■ **Exercise prompt**: Everything in the listing below should be repeated exactly, apart from the pictures.

■ **Collected material**:
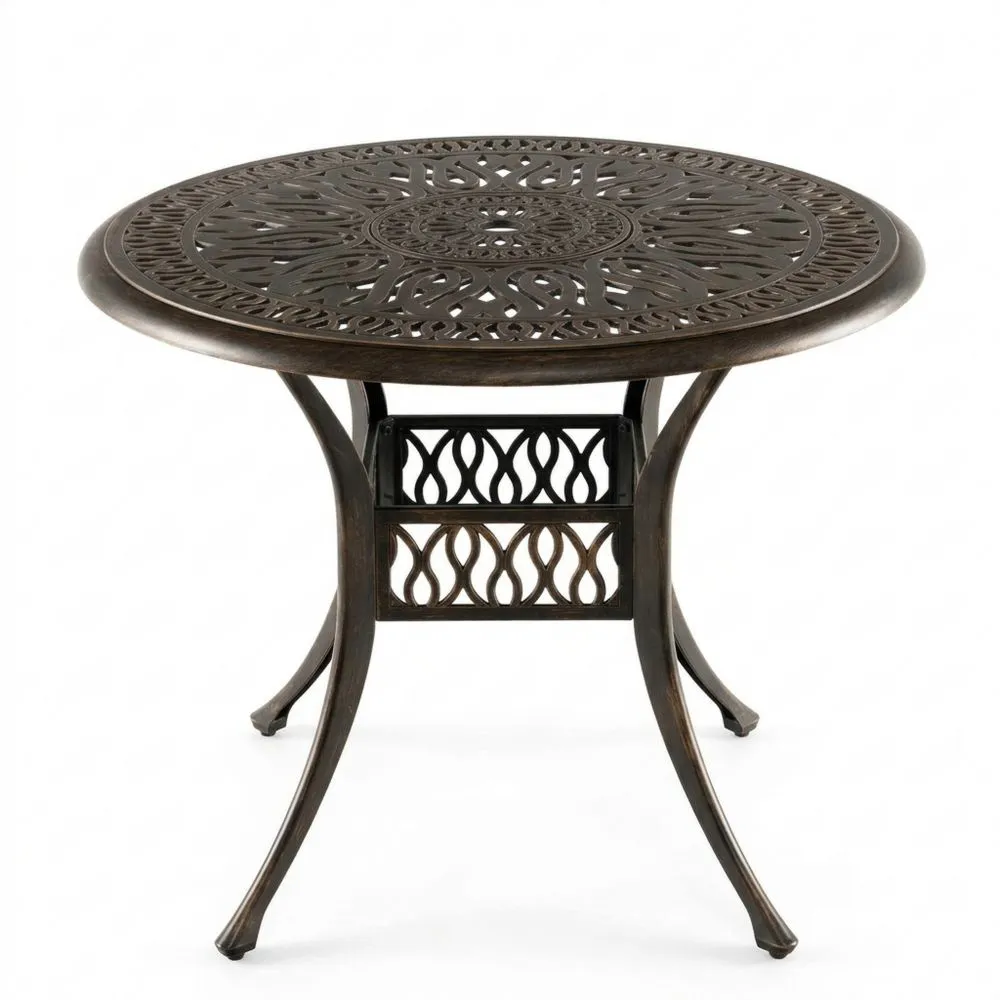 Wetterfester runder Gartentisch mit Schirmloch, Aluminiumguss, antike Optik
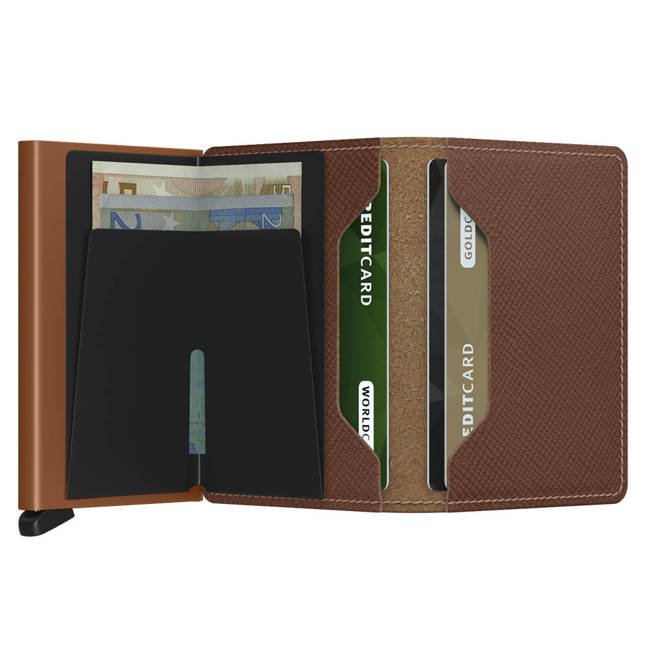 Mały portfel RFID Slimwallet Secrid Saffiano - caramel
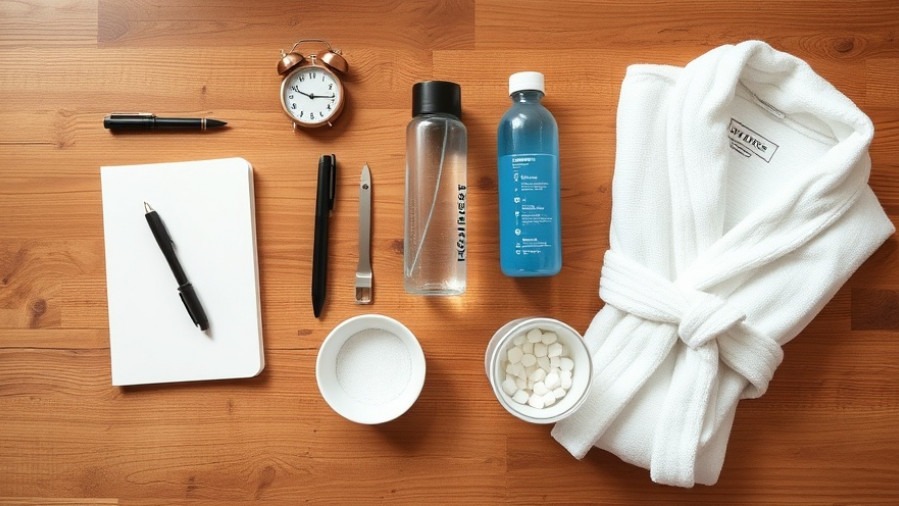 Wellness toolkit flat-lay: journal, pen, timer, hydration bottle, bath salts, robe.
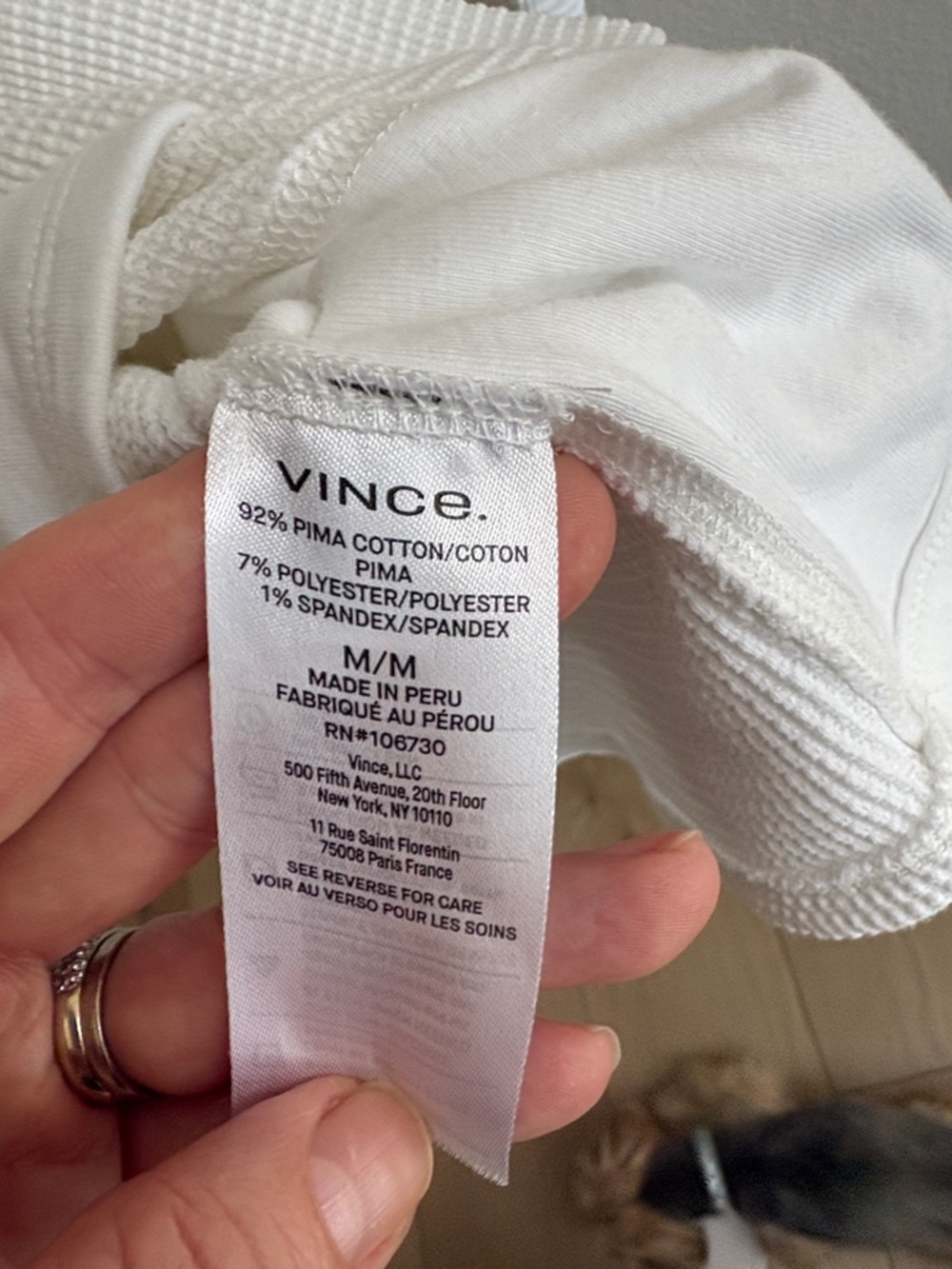 Vince White Waffle Knit Long Sleeve Top Size M Lightweight Crew Neck - Picture 5 of 5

■ **Task output**:
 Wetterfester runder Gartentisch mit Schirmloch, Aluminiumguss, antike Optik
 Mały portfel RFID Slimwallet Secrid Saffiano - caramel
 Wellness toolkit flat-lay: journal, pen, timer, hydration bottle, bath salts, robe.
 Vince White Waffle Knit Long Sleeve Top Size M Lightweight Crew Neck - Picture 5 of 5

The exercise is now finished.